Title Never Questioned

"For ten long years the title to all the ground covered by Stratton's Independence was never questioned. It was even patented. The surveys being made by the best of deputy United States mineral surveyors. It passed the land office without question. It was, of course, taken for granted that the survey was perfect in every detail.

"On the enginner's staff at this time was Ed Shaffer - I don't remember his middle initial. He was a good man - an all around mining man and mining engineer. He for some reason had occasion to re-run the lines on the territory of the company. There was one place that he could not get a check. He worked for one week in the office running out the notes. Still it would not come. He made a new and entire survey which resulted in finding a triangle, near the main working shaft of the property, just large enough to start an 2x10 shaft. He found that there had been a small, very small, mistake in calculations - it had escaped every one.

"He surveyed the fraction. He built a monument and located it. Then he checked underground and found that the fraction was directly above what was known as the Jewelry stope. This was phenomenally rich high-grade, that went from the second level down to five. This shoot of hundreds of thousands of dollars had been extracted, but it would be directly under this little fraction that he had found. Conservative estimates of what had been extracted from this fraction was placed in an ultra-conservative way at $250,000.


Gives It to Company

"Shaffer, after he had procured all of this data, put the certificate on record. Then he made a quit claim deed to the Venture Corporation of London and turned it over to Harvey A. Shipman, general manager of the mine at this time. I think this was in 1902.

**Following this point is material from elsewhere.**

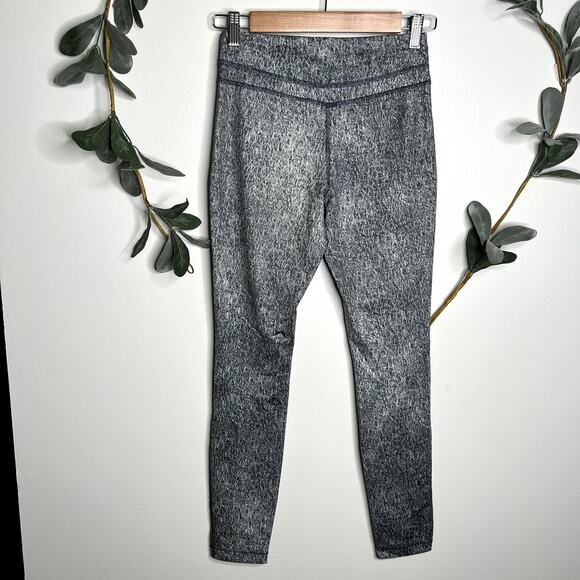 Nike Patterned Leggings LAST CALL - Picture 4 of 5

"In a legal sense there was absolutely no reason why Shaffer could not have brought suit against the corporation and recovered a quarter of a million dollars. His loyalty to the company, however, precluded any such idea. For this act of loyalty, he was at once made a shift boss on the mine at $6 per day. He was afterwards employed on the general staff of John Hays Hammond that is, he was until Mr. Hammond severed his connection with the Venture Corporation, and went over to the Guggenheim interests. I have lost track of Shaffer in the past ten years but it is safe to say that the English outfit has taken good care of this man that proved his loyalty and intelligence in this manner. It was a rather runny thing to see a shaft 50 feet deep immediately sunk on this little fraction. Fifty feet of work is necessary for patent, and I think that this fraction cost but $5 when the final papers were issued for title by the United States government. Mineral-bearing ground costs but $5 per acre, or less.

"This merely goes to show what lengths a fraction will evolve into, in a monetary way. Some day Fraction Jack will put over one of these very same kind. Will he turn it over to a big corporation? Say, by the time his monument is built he will have a price set on his holdings and be ready for a deal. He knows the underground workings of every great mine in the mining world. He has worked as a miner in most of them. He is a well-informed man and a good man as well. At this writing he is in the vicinity of Rochester Canyon, Nevada. This camp had high-grade ore when it was struck. Stewart made a stake there last winter. He is watching for future developments in the territory miles away from this last Nevada gold camp. We all know that he is waiting to make this one great big strike, and then he says he will have a ranch back in Colorado.

"Ever since Ed Shaffer discovered the fraction on Stratton's Independence, Fraction Jack has taken particular pains to go over every foot of ground on rich properties an inch at a time. There will be another story about him some day. It may be a story of violence. It may be one of riches found.